> [Task instructions]
The answer is the full listing restated exactly, without any pictures.

> [Given material]
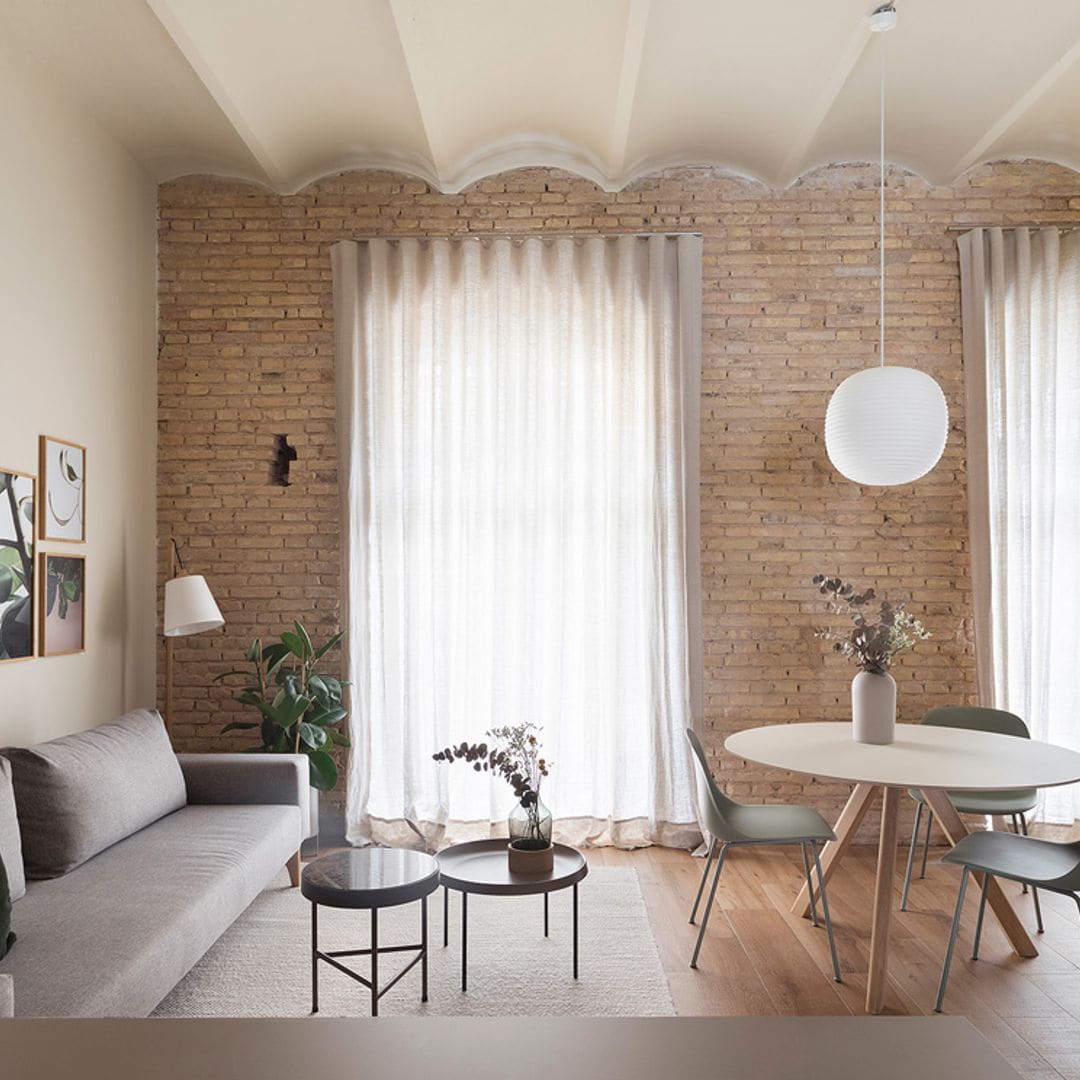 Los 75 metros² de este piso en Valencia parecen estirarse tras un diseño interior acertado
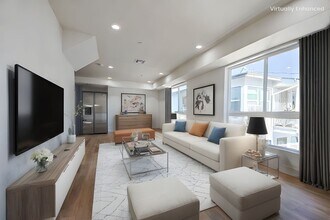10801 Kling St in Los Angeles, CA - Building Photo - Building Photo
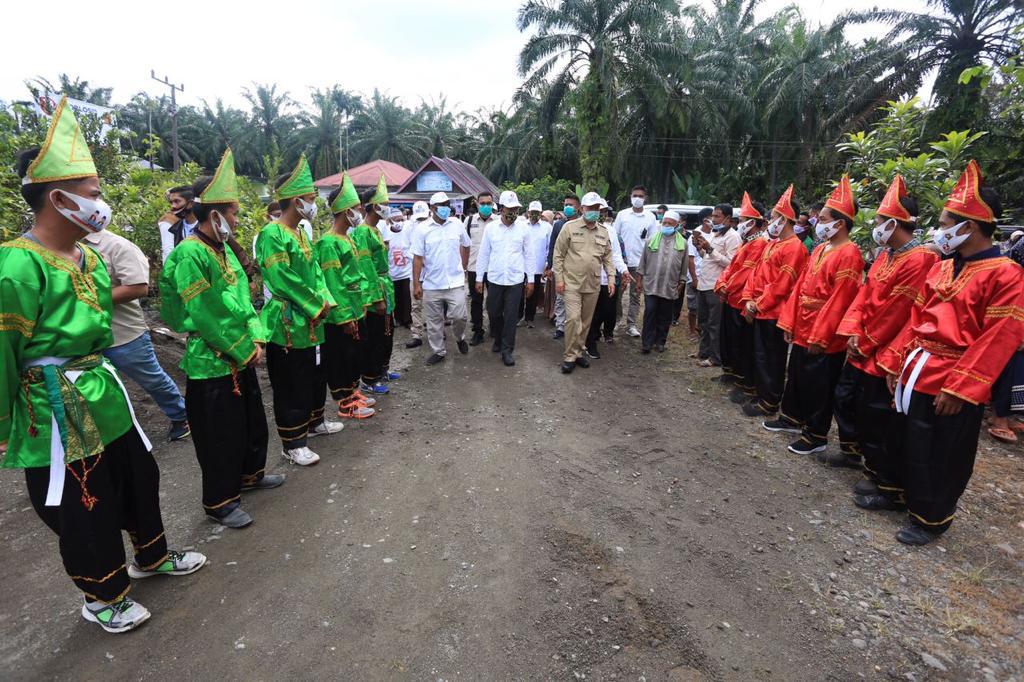 Cagub Nasrul Abit saat bersilaturahmi dengan warga Nagari Ladang Panjang, Kecamatan Tigo Nagari, Pasaman, Senin (16/11)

> [Written response]
 Los 75 metros² de este piso en Valencia parecen estirarse tras un diseño interior acertado
10801 Kling St in Los Angeles, CA - Building Photo - Building Photo
 Cagub Nasrul Abit saat bersilaturahmi dengan warga Nagari Ladang Panjang, Kecamatan Tigo Nagari, Pasaman, Senin (16/11)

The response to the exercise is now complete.